By Seamus C. Duffy and Michael P. Daly

Frequent targets of class actions have increasingly turned to arbitration agreements with class action waivers as a way to avoid the cost of class litigation and manage the risk of aggregate liability.  Although certain states (California, New Jersey and Pennsylvania chiefly among them) have been openly hostile to such agreements, recent Supreme Court decisions bless using them and suggest some best practices for drafting them.  We summarize these decisions and a few of those best practices here.

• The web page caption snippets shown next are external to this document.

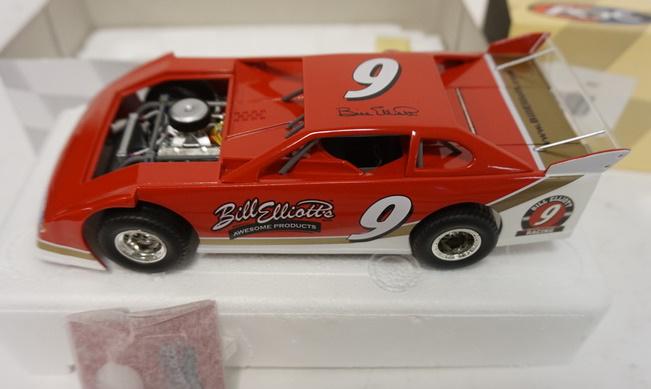 BILL ELLIOT ADC DIE CAST MODEL: BILL ELLIOT 9 ADC 1:24 SCALE DIE CAST MODEL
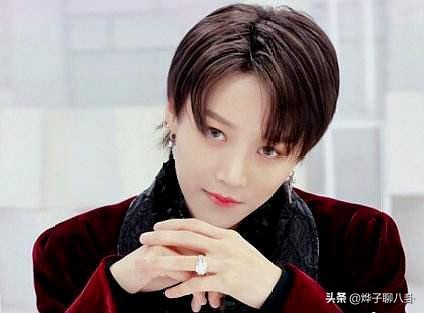 被蔡徐坤力挺！刘雨昕正面回应“中性风”表演，我就是要做我自己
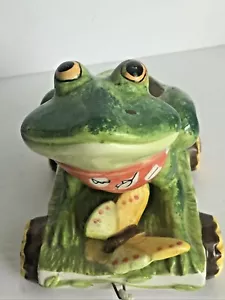 Frosch auf Wagen mit Schmetterling Keramik Übertopf Sukkulenten Sonnenblumenräder 5,5"T - Bild 1 von 7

Enforcing Arbitration Agreements

One longstanding objection to class action waivers had been that they were unconscionable because no rational person would pursue a claim of so little value that a full recovery would not cover the cost of prosecution.  And so the view was that class action waivers operated to allow businesses to cheat large amounts of people out of small amounts of money with impunity.  Indeed, that was the gist of the so-called “Discover Bank rule,” which effectively precluded consumer arbitration in California until the Supreme Court rejected its reasoning in AT&T Mobility LLC v. Concepcion, 131 S. Ct. 1740 (2011).  Although the crux of Concepcion was that the Discover Bank rule was preempted by the FAA, the majority also addressed the argument that “class proceedings are necessary to prosecute small-dollar claims.”  Id. at 1753.  The majority rejected that for two reasons: first, because AT&T’s consumer-friendly agreement made it unlikely that claims would slip through the cracks; and second because, even if they did, states “cannot require a procedure that is inconsistent with the FAA, even if it is desirable for unrelated reasons.” Id. at 1753.  In short, the value of a claim in and of itself is no longer a barrier to arbitration.

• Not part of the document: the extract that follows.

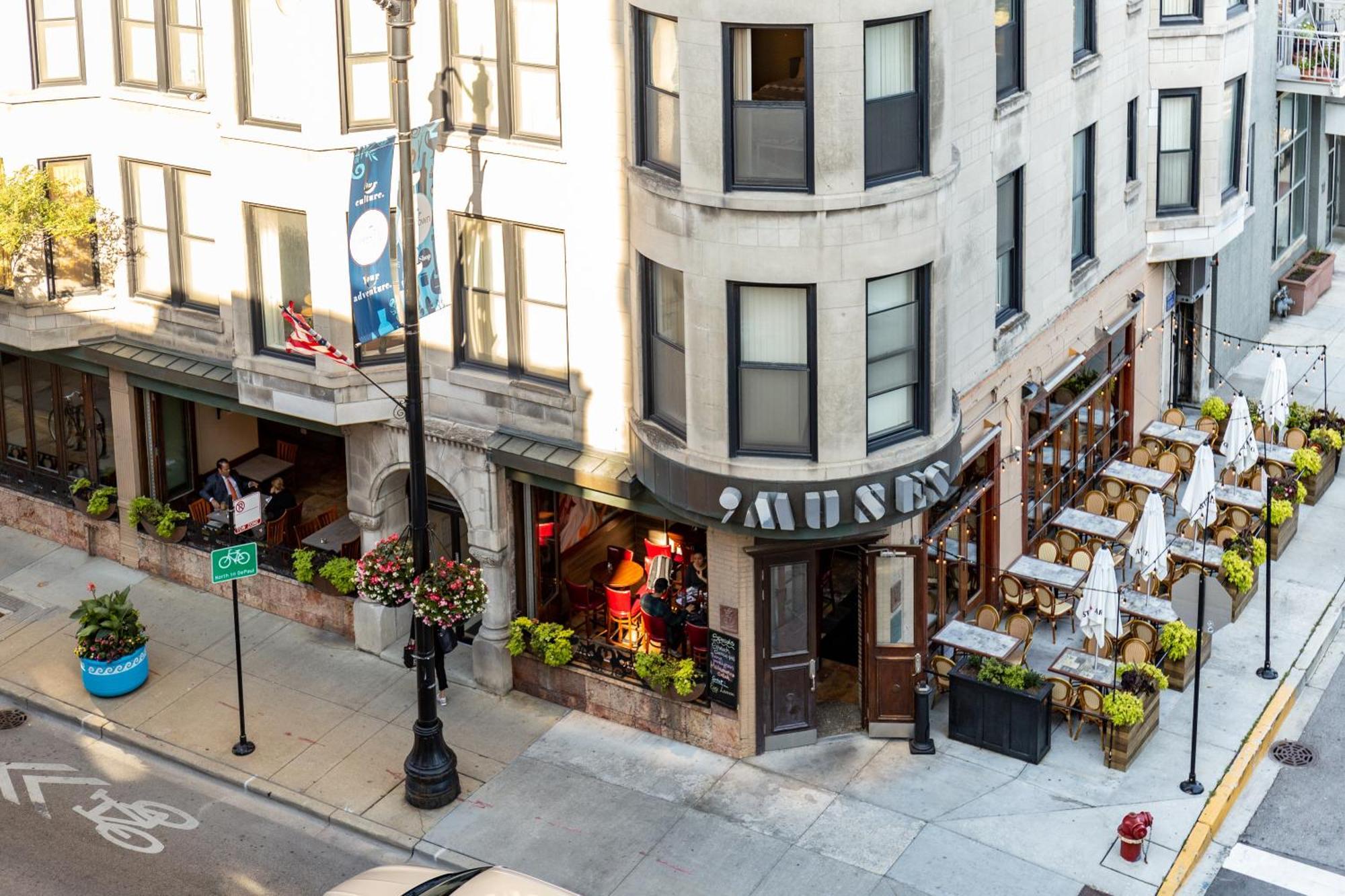 Aparthotel Sonder Greektown 4*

The recent decision in American Express Co. v. Italian Colors Restaurant, No. 12-133, 2013 WL 3064410 (June 20, 2013) presented a variation on this theme.  In that case, the plaintiff’s antitrust claim was worth much more than the claim in Concepcion ($38,549 versus $30.22) but was still worth much less than what it would cost to prosecute ($38,549 versus hundreds of thousands dollars) because antitrust law requires complex expert proof.  A majority of the Court was unmoved by the argument that the plaintiff could not “effectively vindicate” its claim, finding that courts must enforce arbitration agreements “according to their terms” even if they require individual arbitration, and that the antitrust laws contain “no contrary congressional command” because they “do not guarantee an affordable procedural path to the vindication of every claim.”  Id. at *1.  In its view, its decision was preordained by Concepcion, which “established … that the FAA’s command to enforce arbitration agreements trumps any interest in ensuring the prosecution of low-value claims.”  Id. at *6 & n.5.

Drafting Arbitration Agreements

It would be tempting to read Concepcion and Amex as dooming any unconscionability argument mounted to defeat an arbitration clause, but the reality is that generally applicable contract defenses are still available under the FAA, threshold barriers to arbitration may still trigger the “effective vindication” doctrine discussed inAmex, and courts—especially those with a history of hostility to arbitration—may now give heightened scrutiny to procedural provisions other than class action waivers, for example those governing fees, venue, appeals, etc.  See, e.g., Vargas v. SAI Monrovia B, Inc., No. B237257, 2013 WL 2419044, at *6 (Cal. Ct. App. June 4, 2013).  Businesses would be well-advised to review their agreements with an eye toward removing unnecessary barriers to arbitration, and to think twice before erecting any.  Indeed, the AT&T arbitration clause in Concepcion was carefully crafted to ensure that consumers could vindicate even small claims: it committed to covering the costs of arbitration, arbitrating in the consumer’s locale, and reimbursing attorneys’ fees in appropriate cases.  The clause at issue in Amex shared many of these consumer-friendly characteristics.  Counsel drafting arbitration agreements in the wake of these decisions should consider including similar provisions, for example making venue convenient for the consumer, offering to pay the base costs of arbitration, reimbursing attorneys’ and/or expert fees where appropriate, and making arbitration easy and accessible.  And counsel should think twice about provisions (often found in outdated forms) limiting remedies or imposing special limitations periods and the like.

Consumer-friendly provisions will protect your arbitration agreement from attack under generally applicable state unconscionability principles in courts hostile to arbitration, and, conversely, provisions making arbitration less accessible or less attractive to consumers will provide fodder for attacking your agreement and thus limiting the benefits of Concepcion and its progeny.